Feels good to be a renter

Now that the housing bubble is less a sphere and more of a soapy mess, oil is up over $140 a barrel, the stock market is at its lowest in 2 years, and the economy is just basically in a huge rut, I would like to congratulate my fellow renters who didn't succumb to peer pressure and buy an overpriced home that costs them $300 in gas a month to commute from. Fortunately I don't think anyone I know falls into that category either, but sadly, many Americans do, and they are now seeing the value of their homes plummet dramatically. 10 grand lost over a couple of years of renting pales in comparison to the hundreds of thousands of dollars some people are watching go down the drain as their house's value simply evaporates. As a self-professed urban pioneer, green economics junkie, and transportation aficionado, I'd like to make a couple of observations to those of you who might consider buying when the market really hits bottom, and those houses are, once again, cheap.
  1. Use your NY Times graphics. I have long been a fan of the outstanding NY Times infographics department, so when they put together an interactive infographic, you can probably assume its going to be top notch. Here, they ask if it is better to buy or to rent, and they let you input all of your own variables. Don't be a tool! Use this tool! (Sorry, couldn't resist)
  2. Don't buy too far away from your city center. Where do you work? Where do you buy groceries? Where do you go to the movies? How much gas is it going to take to get to all of these places on a regular basis in an average month? This is an issue, folks. Gas isn't getting any cheaper or more practical. $140 a barrel oil could be $300 a barrel oil in a matter of a couple of years. But, don't take it from me.....take it from the experts.
  3. Have an environmentally-conscious architect or contractor friend check out the house independently. You would take a used car to a mechanic friend before you bought it, wouldn't you? So why not have someone who knows about buildings check out your home before you buy it? What if it looks great and has a stellar maintenance record, but poor insulation? A severe lack of insulation will impact your energy bills drastically when the seasons change, and the cost of energy isn't going down either.
  4. Chose something with manageable landscaping. Pretty green lawns take a lot of maintenance and use a lot of water.
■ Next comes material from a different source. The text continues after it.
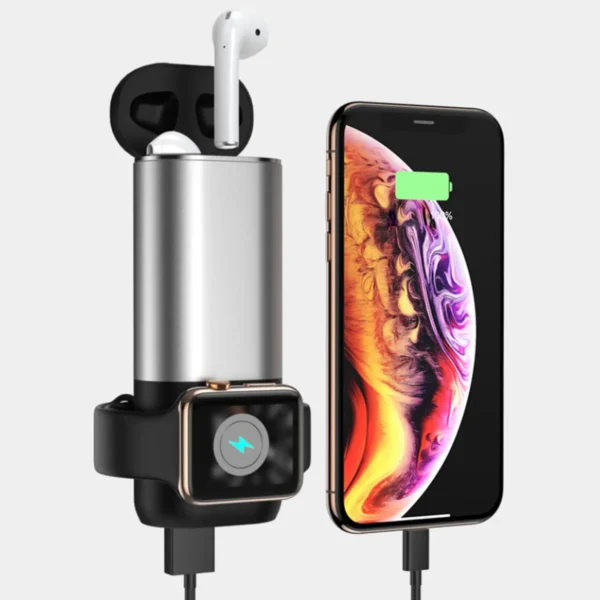 Porta 3-in-1 Wireless Charger: Charge Apple Watch, AirPods, and iPhone Simultaneously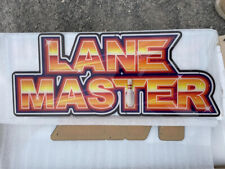 Unis Lane Master Arcade Game Replacement Signage (2 Piece Set) picture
If you're going to get one, and take care of it properly, for god's sakes, at least get a hand-powered lawn mower (see point #2 for why) and don't complain to me when your water bill comes back.
  5. Don't forget to calculate your homeowner's insurance. And don't forget to add disaster insurance if you live in flood, tornado, or earthquake-prone areas. Global warming isn't going anywhere - and the earth is already angry. Add it in and compare it to the cost of losing, oh I don't know, everything, and take that into account.
So, there you go. Not trying to scare you, just trying to point out some realities that we'll have to face in a world with so many changing paradigms. Happy (house) hunting!

Epilogue, 27 June 2008: Treehugger points out that you don't necessarily have to buy OR rent with this great article. So many options!